Just one more stone. Just one.
Looking back along gemstone beach from whence we came.
The iconic sign at Bluff.
I saw the road sign to this and just had to stop and pay my respects. The little plaques in memory of lost sailors and fishermen that you can see on the top left makes sobering reading.
Greenpoint Bay is littered with old wrecks.
Burt Munro’s bike of Legend sat in E.Hayes hardware store. A mecca for any two wheeled petrolhead in New Zealand.
The late and great man himself. To the right of the photos is a large glass case full of Burts tools and spare parts.

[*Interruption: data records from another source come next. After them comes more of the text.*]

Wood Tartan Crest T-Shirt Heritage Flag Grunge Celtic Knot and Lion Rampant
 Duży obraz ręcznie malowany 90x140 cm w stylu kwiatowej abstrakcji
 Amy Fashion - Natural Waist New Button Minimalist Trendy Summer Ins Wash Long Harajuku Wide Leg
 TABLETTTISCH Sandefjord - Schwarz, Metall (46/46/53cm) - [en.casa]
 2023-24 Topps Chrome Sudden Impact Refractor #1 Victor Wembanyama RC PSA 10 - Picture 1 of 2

Day 9. Milford Sound to Clifden.

Distance travelled: 206 Kms. I think we both felt that after Milford Sound was it worth continuing? Was there anything that could compare to the sheer majesty of those mountains, wildlife and scenery. We set off from the lodge with no clear plan as to where the day would end. We would head down the South Scenic route and see what we could find. On the way from Milford Sound to Te Anau we stopped and picked up a hitch hiker whose car had broken down in the middle of nowhere. As soon as we got a phone signal we pulled over and let him phone the AA and dropped him back at his car. Proceeding on we stopped in Te Anau to empty the vans waste tanks, top up with potable water and refuel. That was so that wherever we did end up we were prepared. The road from Te Anau to Manapouri and south following the Waiau river is pretty. The landscape undulates through sheep and dairy farms and through a number of escarpments. Small villages that all look the same go by. We stopped at various sign posted view points and by around 4pm we decided that we would find somewhere to stop. We came across a signpost for the Clifden suspension bridge campsite. Clifden, not to be confused with Clifton in the UK. That sounded like a viewing was required. It was a gravel lay by in the middle of nowhere but oh my! The bridge was a real find. Beside the river was a grassy campsite for a few tents. The river gurgled just about 40 feet away from us. The lay by had clean and new toilets too. There were already two other camper vans there. This was our spot for the night. It was a quiet little gem of a place. The bridge was a historic masterpiece of engineering. This place was a real find indeed. The what3words location was drilling.stately.deputies Here are todays photos.

Part of the Lake Manapouri hydro power system
Clifden suspension bridge dating from 1898. Old in New Zealand terms.
One of the four supporting towers and information boards.
A view along the bridge.
Drone view. The old and the new bridges.